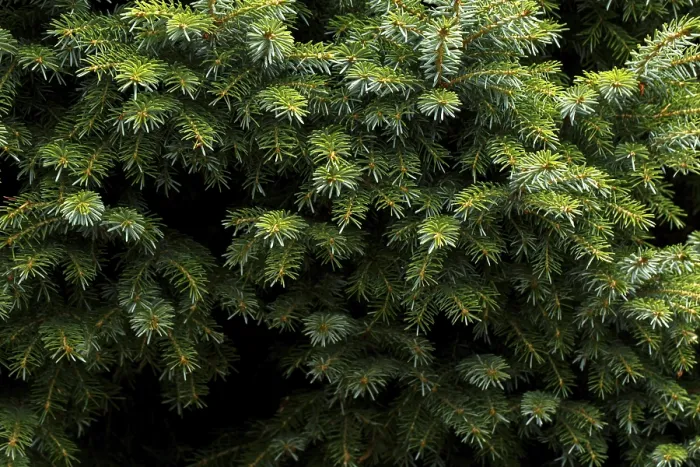 Framed Print : Fir tree branch close up, evergreen tree in the forest or park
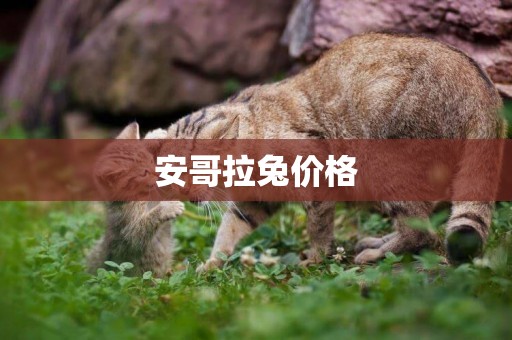 安哥拉兔價格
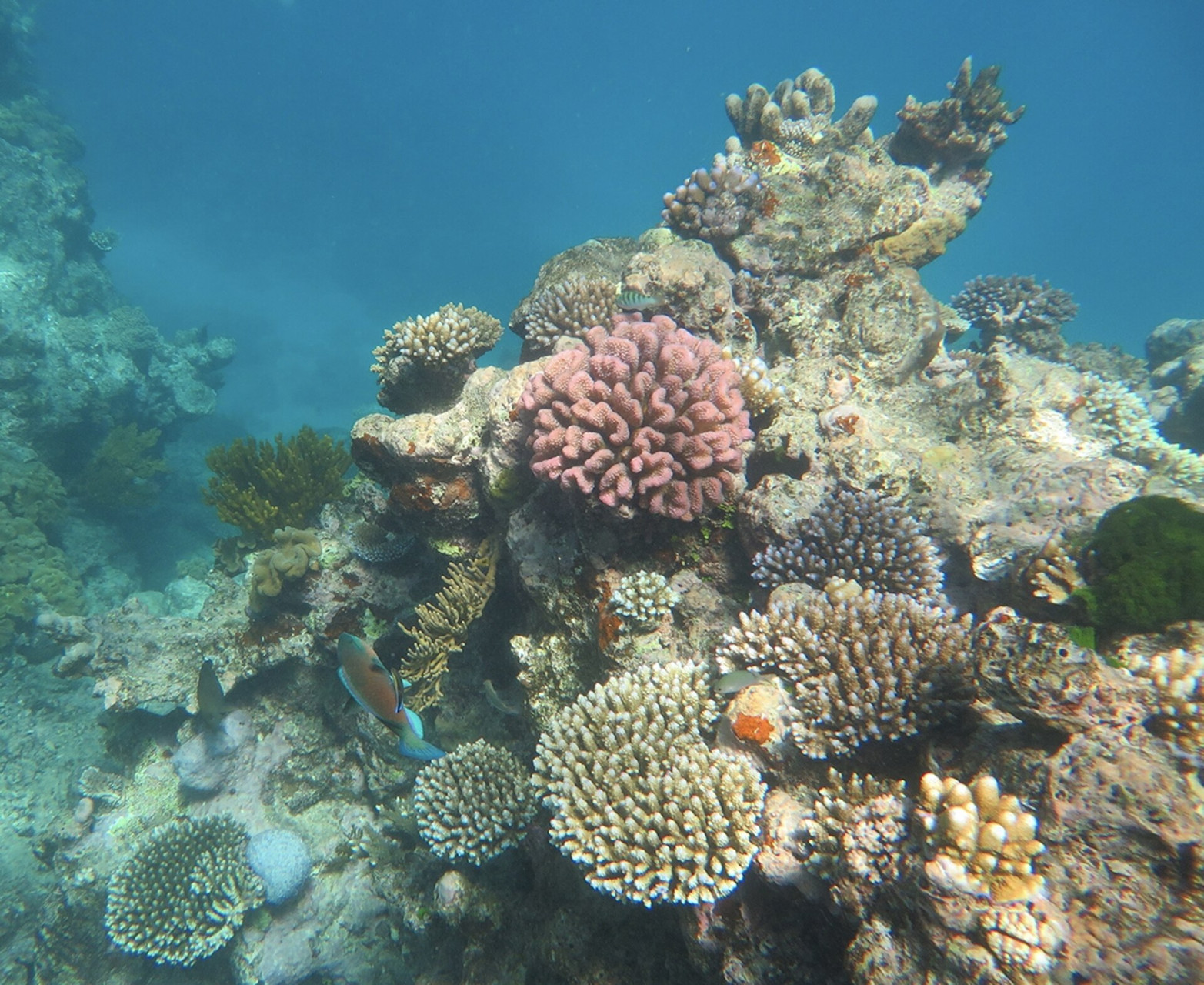 coralcommunityatnormanreef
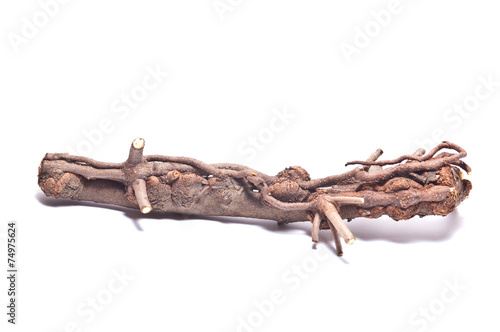 dry branch on white background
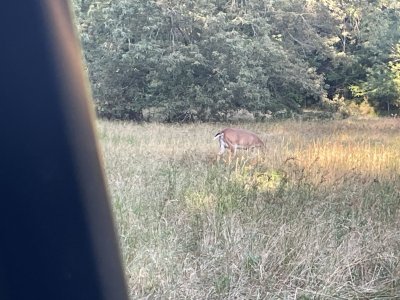 IMG_1409.jpeg
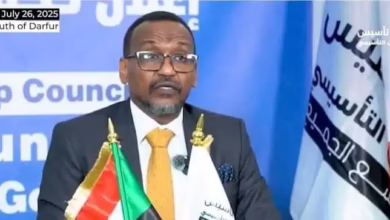 حكومة موازية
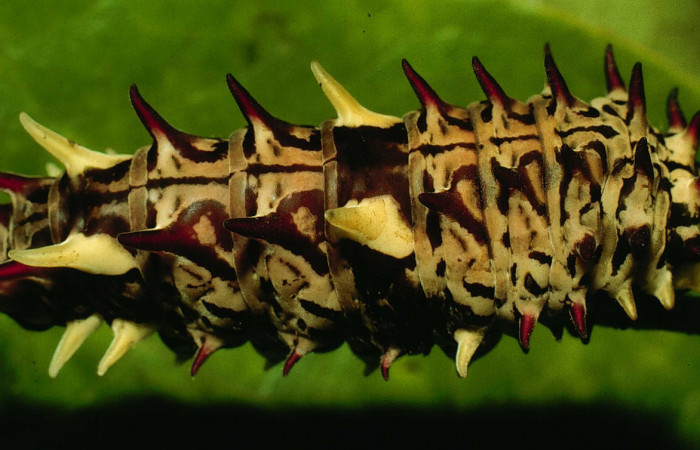Figura 5. Posición dorsal de <i>Parides zestos</i>, familia (Papilionidae). Voucher 95-SRNP-6067-DHJ23861.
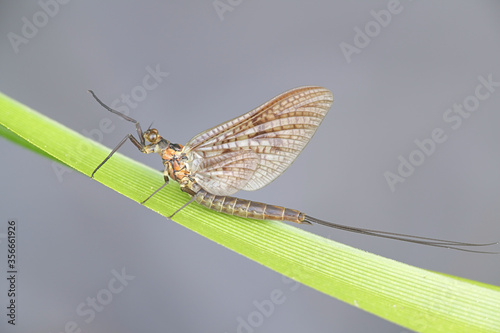 Ephemera vulgata  a species of mayfly in the genus Ephemera  also commonly called as Canadian soldier  shadfly or fishfly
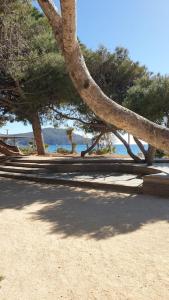 grupa ławek na plaży z drzewami w obiekcie Castel du Soleil, Bord de mer, 4 pers w mieście Saint-Cyr-sur-Mer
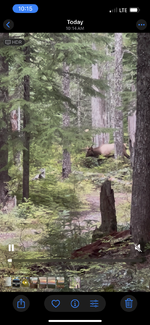 mr. elk.png mr. elk.png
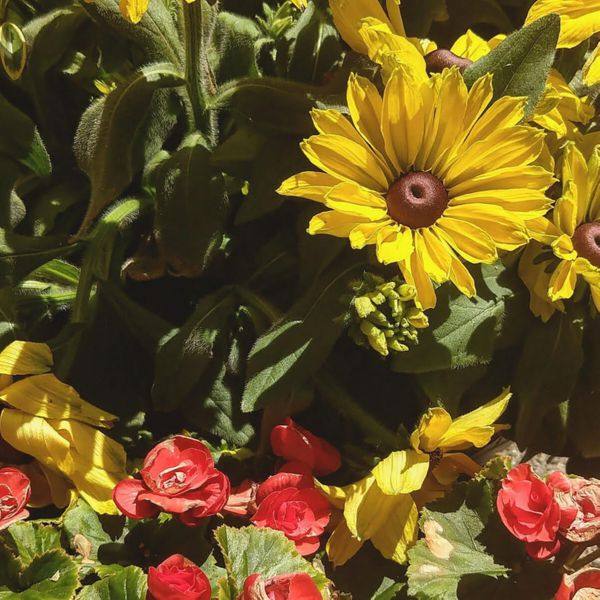 SE - The Garden We Shared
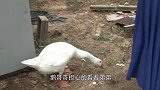 弟弟脖子扭伤眼中，鹅哥哥守护在侧，禁止任何人靠近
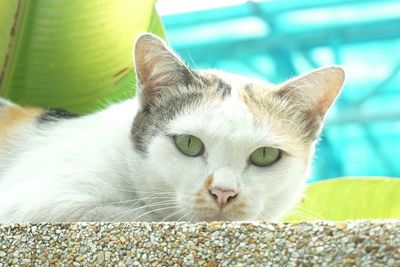 Close-up portrait of a cat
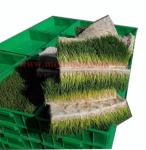 210v-240v 500KG Hydroponic Fodder Sprouting System For Cattle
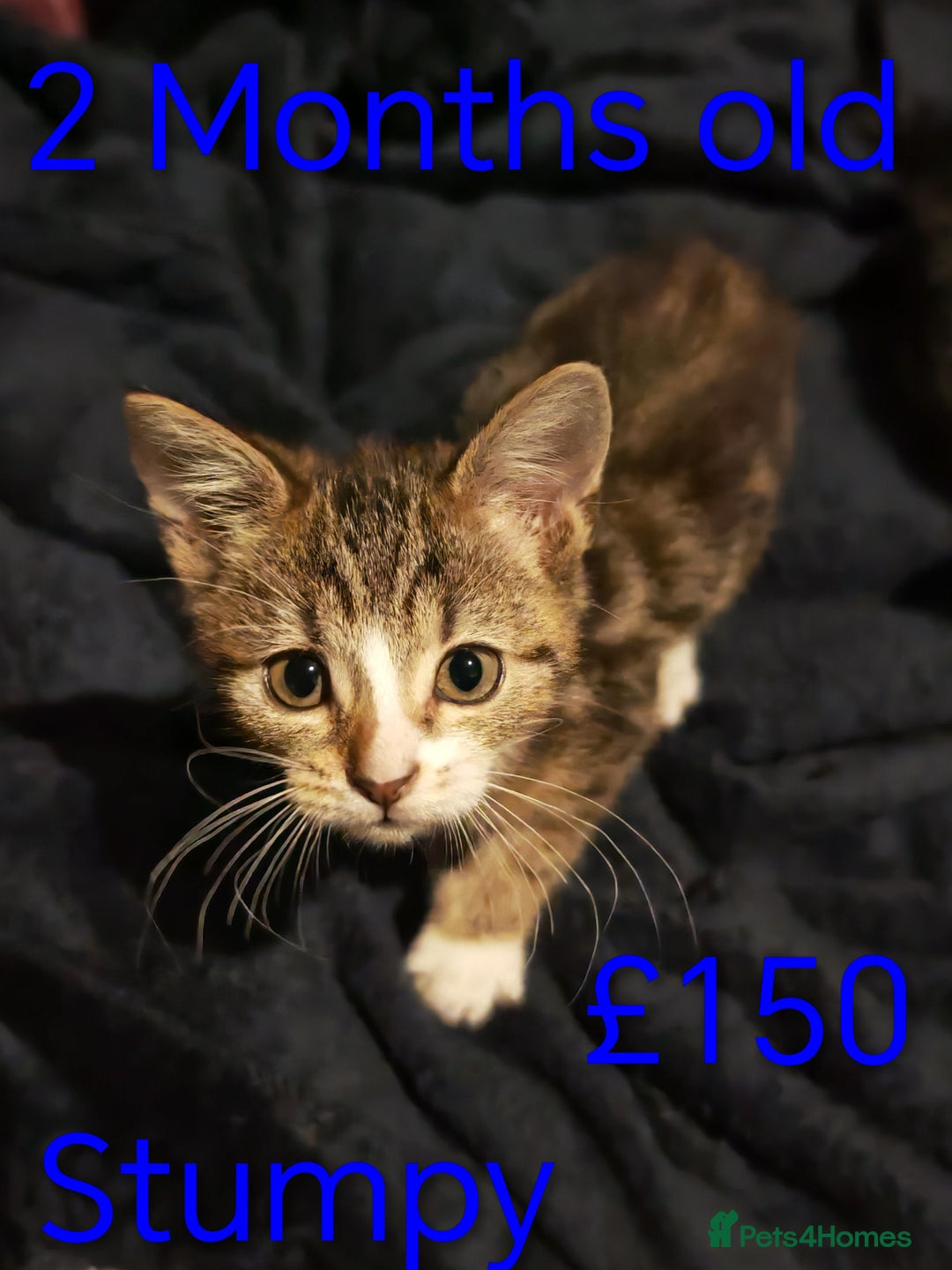 Khao Manee cats for sale: Mixed price Khao Manee kittens  - Image 3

————

*TASK REQUIREMENTS*:
Every line of the material is to be quoted exactly, with no pictures carried over.

*SOLUTION*:
 Framed Print : Fir tree branch close up, evergreen tree in the forest or park
 安哥拉兔價格
 coralcommunityatnormanreef
 dry branch on white background
 IMG_1409.jpeg
 حكومة موازية
Figura 5. Posición dorsal de <i>Parides zestos</i>, familia (Papilionidae). Voucher 95-SRNP-6067-DHJ23861.
 Ephemera vulgata  a species of mayfly in the genus Ephemera  also commonly called as Canadian soldier  shadfly or fishfly
 grupa ławek na plaży z drzewami w obiekcie Castel du Soleil, Bord de mer, 4 pers w mieście Saint-Cyr-sur-Mer
 mr. elk.png mr. elk.png
 SE - The Garden We Shared
 弟弟脖子扭伤眼中，鹅哥哥守护在侧，禁止任何人靠近
 Close-up portrait of a cat
 210v-240v 500KG Hydroponic Fodder Sprouting System For Cattle
 Khao Manee cats for sale: Mixed price Khao Manee kittens  - Image 3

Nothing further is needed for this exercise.